● **WHAT NEEDS TO BE DONE**:
The reply is to be an exact repetition of the entries that follow, with each picture left out.

● **RECORD EXTRACTS**:
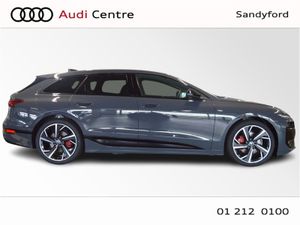Audi A6 Avant e-tron S-line Panoramic Glass Roof - Image 2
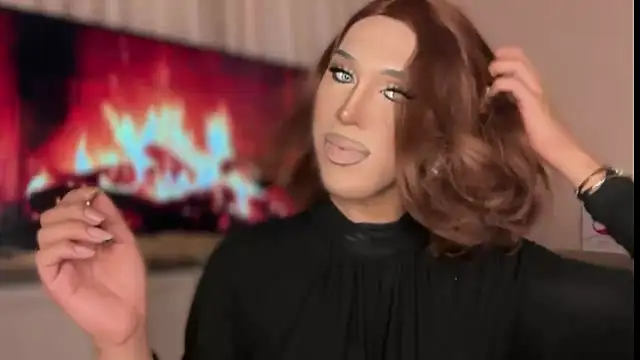 Ts glamxxxx online show from 03.16.26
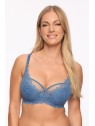 BIUSTONOSZ SEMI-SOFT ISLA BS 1228 NIEBIESKI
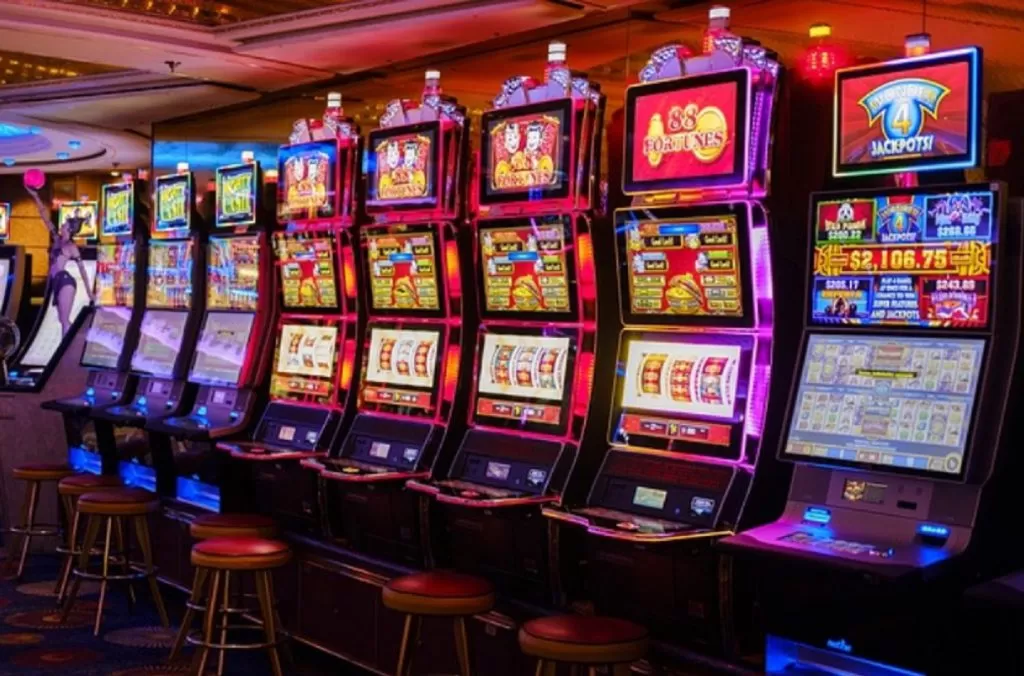 Slots 622bet - Sweet Bonanza e caça-níqueis populares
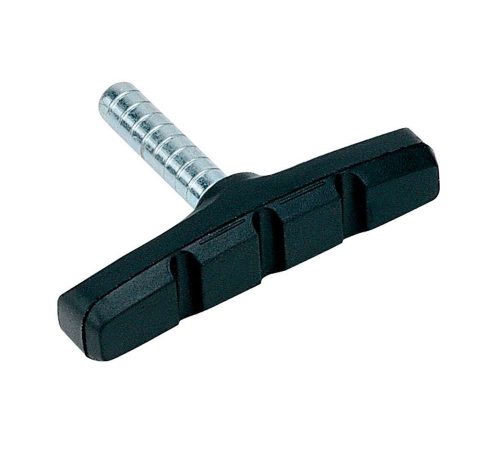 ZAPATA WINDSOR 70MM NEGRA V BRAKE DE VASTAGO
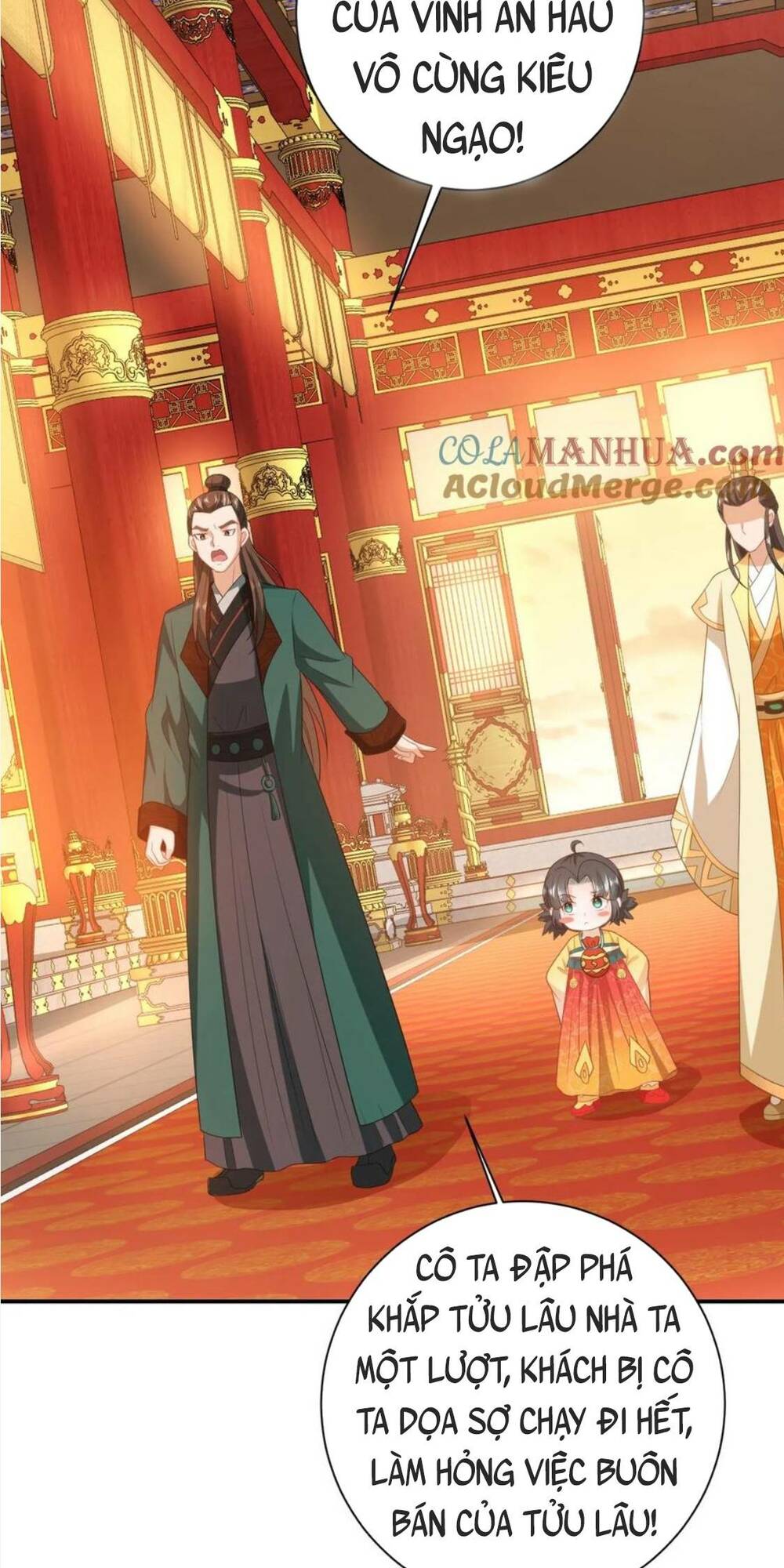 3 Kiếp Xui Xẻo, Kiếp Này Cùng Ta Thần Kinh Chapter 101 - Trang 2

● **EXPECTED ANSWER**:
Audi A6 Avant e-tron S-line Panoramic Glass Roof - Image 2
 Ts glamxxxx online show from 03.16.26
 BIUSTONOSZ SEMI-SOFT ISLA BS 1228 NIEBIESKI
 Slots 622bet - Sweet Bonanza e caça-níqueis populares
 ZAPATA WINDSOR 70MM NEGRA V BRAKE DE VASTAGO
 3 Kiếp Xui Xẻo, Kiếp Này Cùng Ta Thần Kinh Chapter 101 - Trang 2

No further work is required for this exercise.